#### INPUT FOR THIS TASK

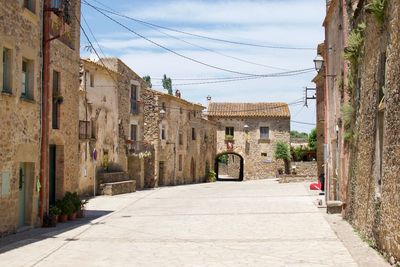 Street amidst buildings against sky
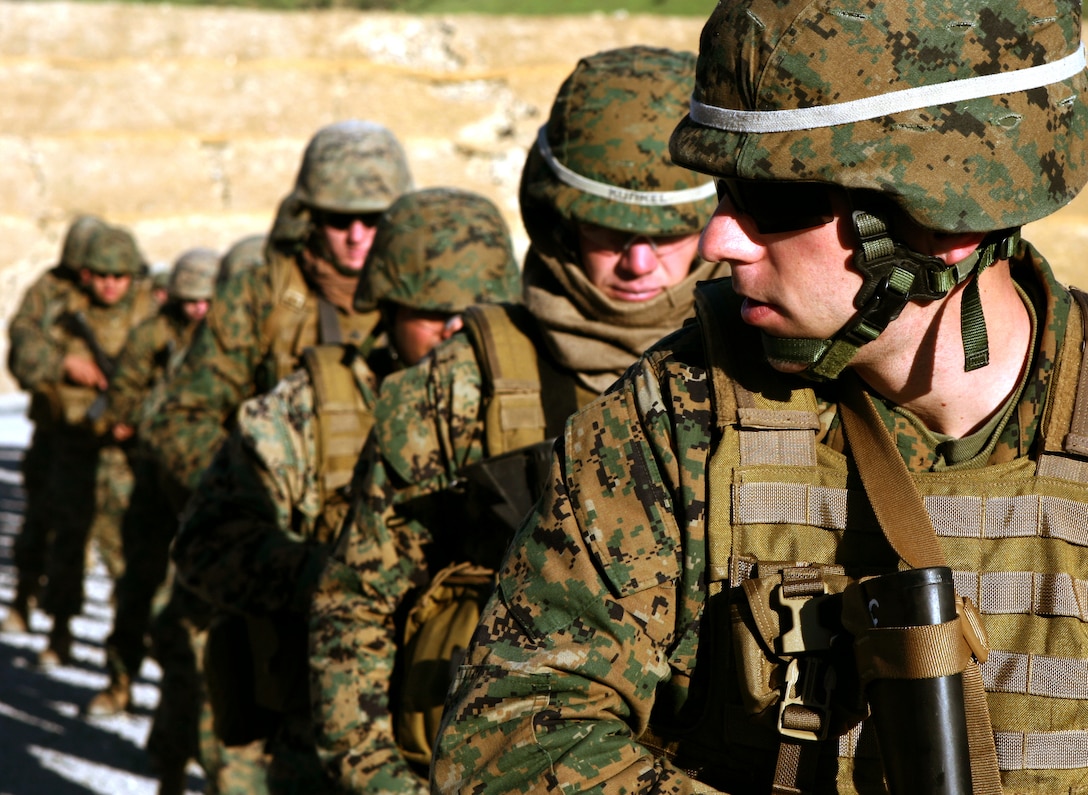 Lined up and ready to fire, Lance Cpl. Matthew A. Irish, a rifleman with the Black Sea Rotational Force-11, Camp Pendleton, Calif., prepares to fire Table 3 drills of the Combat Marksmanship Program. The Special Purpose Marine Air-Ground Task Force is slated to deploy in  a few months to the Black Sea region to engage, advise and build military capacities of foreign host nations.::r::::n::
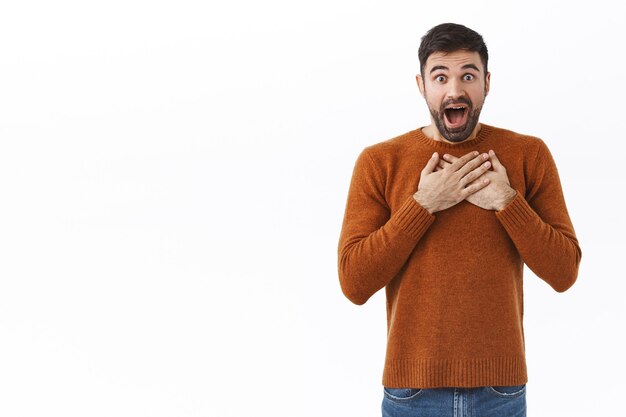 Oh mijn god wat een verrassing. Portret van verbaasde en verbaasde gelukkige bebaarde man houdt handen op het hart, hijgend van opwinding en verbazing, hoor geweldig nieuws, witte muur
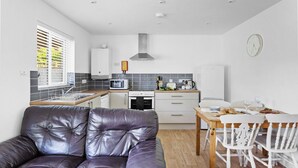 Een compacte keuken met moderne apparaten, een eethoek met een houten tafel en witte stoelen, en een leren bank in de woonkamer.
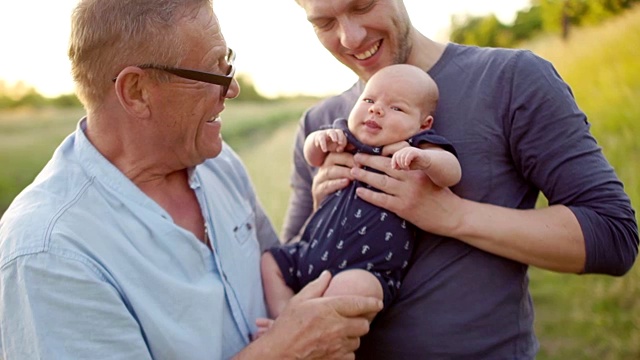 Multi-generation家庭。祖父亲吻新生孙子的脚。三个男人在河边的自然中休息。丰富多彩的日落视频下载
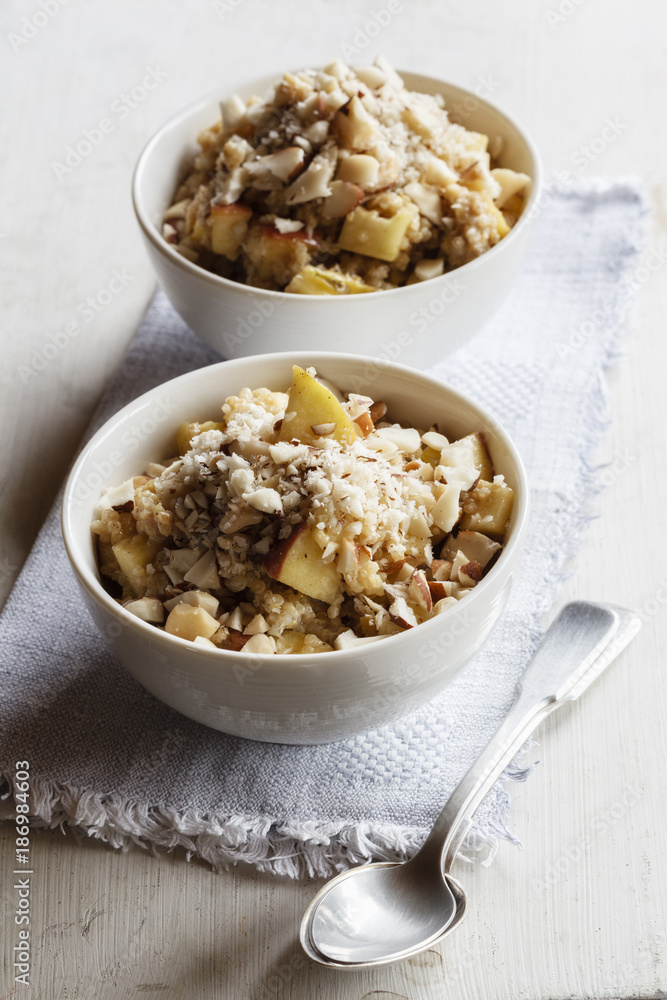 Two bowls of vegan quinoa porridge with apple and pecan Two bowls of vegan quinoa porridge with apple and pecan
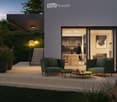Modern living room with large windows, wooden floor, sofa, outdoor lounge chairs, coffee tables, decorative lights, kitchen area visible through the windows.
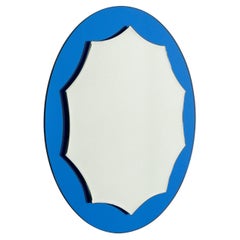 Specchio da parete rotondo blu del Medioevo in stile Cristal Arte, Italia 1960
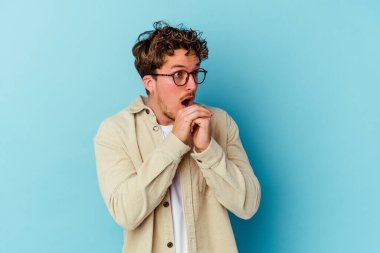 Mavi arka planda izole edilmiş gözlüklü genç beyaz adam şans için dua ediyor, şaşırıyor ve ağzını açıyor..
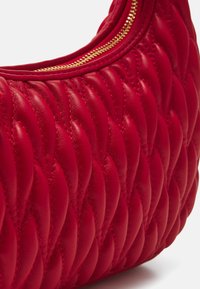 Sac à main en cuir rouge avec un design matelassé, une surface texturée et une fermeture éclair dorée sur le dessus.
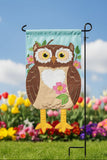 Decorative garden flag with an owl design on a white background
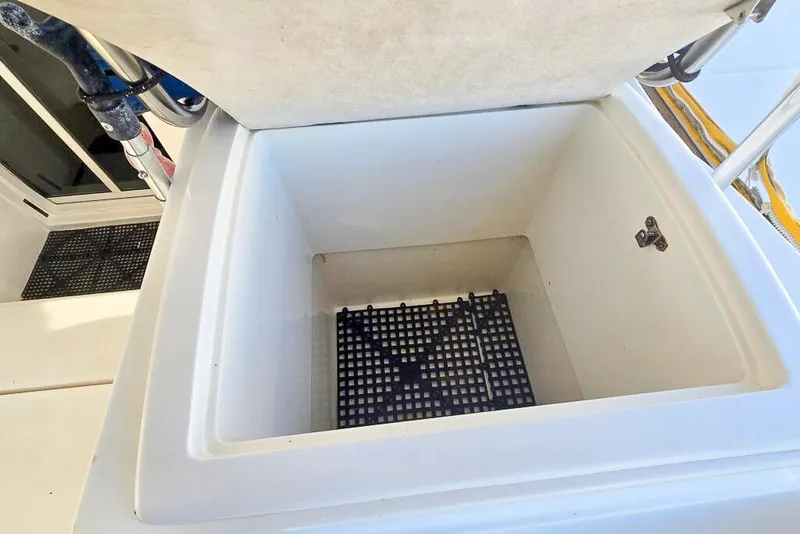Slide: The Image of Open storage compartment on a 2006 Dolphin 460 boat, featuring a grid base. - 28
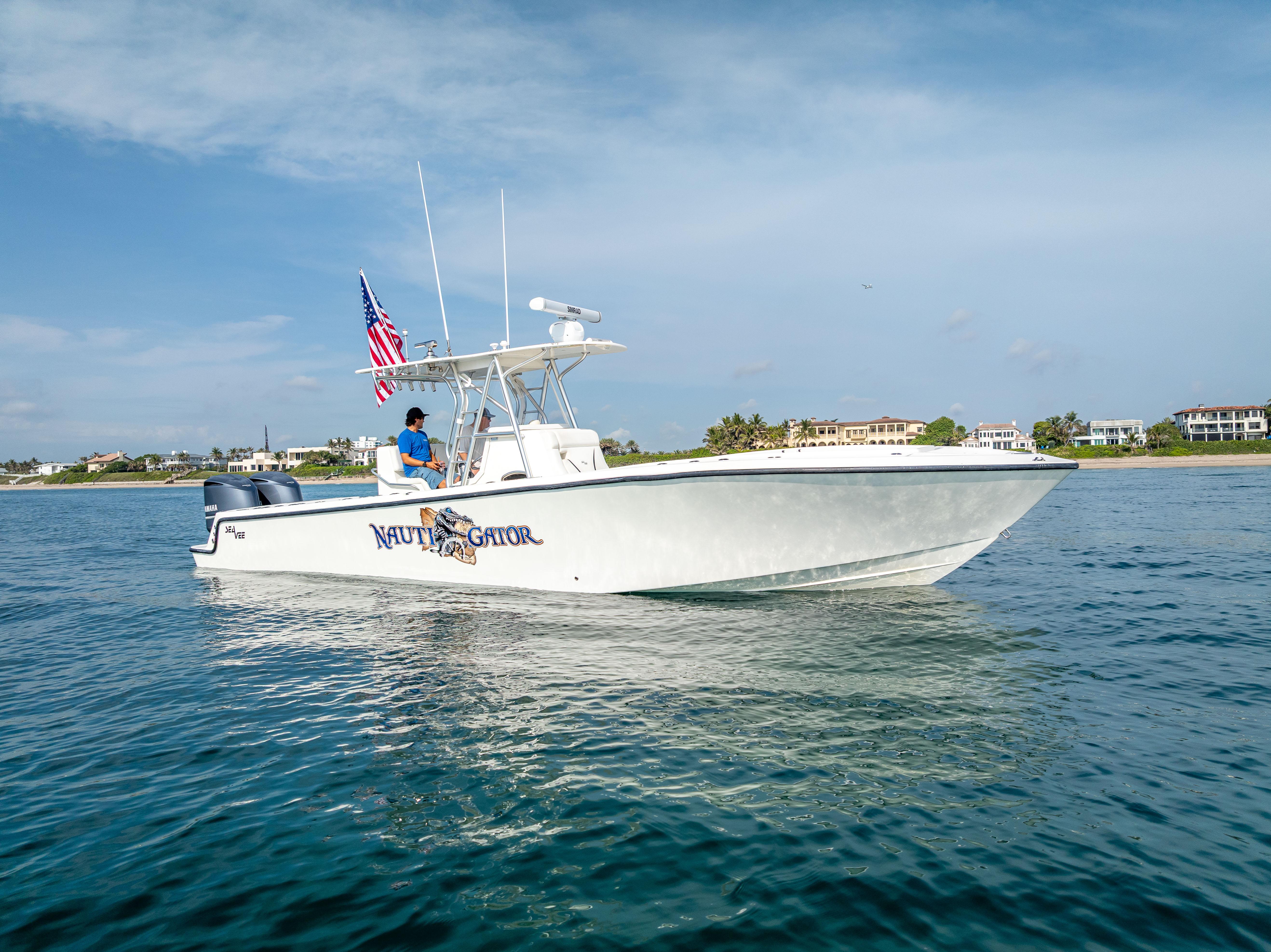 SeaVee-34 2014 -FL-US-2014 SeaVee 34 boat on water, American flag, clear sky, coastal background.-9825396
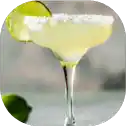 Margarita cocktail with lime and salt rim.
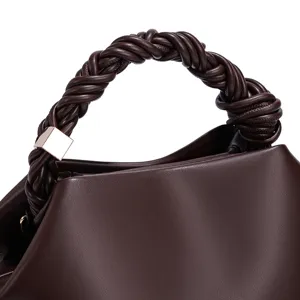 Close-up detail of stylish brown women handbag featuring elegant braided handle and metal accent.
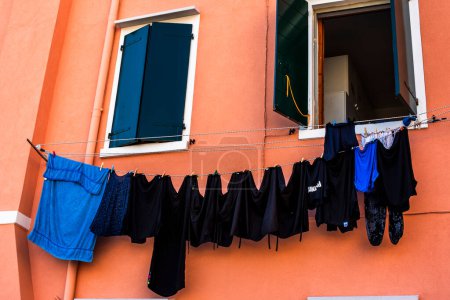 laundry hanging out in the autumn sun in the town of Pellestrina on the Venice Lagoon black t-shirts hanging on a brick-coloured wall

########

Every line of the data should be transcribed exactly. Omit the images.

 Street amidst buildings against sky
 Lined up and ready to fire, Lance Cpl. Matthew A. Irish, a rifleman with the Black Sea Rotational Force-11, Camp Pendleton, Calif., prepares to fire Table 3 drills of the Combat Marksmanship Program. The Special Purpose Marine Air-Ground Task Force is slated to deploy in  a few months to the Black Sea region to engage, advise and build military capacities of foreign host nations.::r::::n::
 Oh mijn god wat een verrassing. Portret van verbaasde en verbaasde gelukkige bebaarde man houdt handen op het hart, hijgend van opwinding en verbazing, hoor geweldig nieuws, witte muur
 Een compacte keuken met moderne apparaten, een eethoek met een houten tafel en witte stoelen, en een leren bank in de woonkamer.
 Multi-generation家庭。祖父亲吻新生孙子的脚。三个男人在河边的自然中休息。丰富多彩的日落视频下载
 Two bowls of vegan quinoa porridge with apple and pecan Two bowls of vegan quinoa porridge with apple and pecan
Modern living room with large windows, wooden floor, sofa, outdoor lounge chairs, coffee tables, decorative lights, kitchen area visible through the windows.
 Specchio da parete rotondo blu del Medioevo in stile Cristal Arte, Italia 1960
 Mavi arka planda izole edilmiş gözlüklü genç beyaz adam şans için dua ediyor, şaşırıyor ve ağzını açıyor..
 Sac à main en cuir rouge avec un design matelassé, une surface texturée et une fermeture éclair dorée sur le dessus.
 Decorative garden flag with an owl design on a white background
Slide: The Image of Open storage compartment on a 2006 Dolphin 460 boat, featuring a grid base. - 28
 SeaVee-34 2014 -FL-US-2014 SeaVee 34 boat on water, American flag, clear sky, coastal background.-9825396
 Margarita cocktail with lime and salt rim.
 Close-up detail of stylish brown women handbag featuring elegant braided handle and metal accent.
 laundry hanging out in the autumn sun in the town of Pellestrina on the Venice Lagoon black t-shirts hanging on a brick-coloured wall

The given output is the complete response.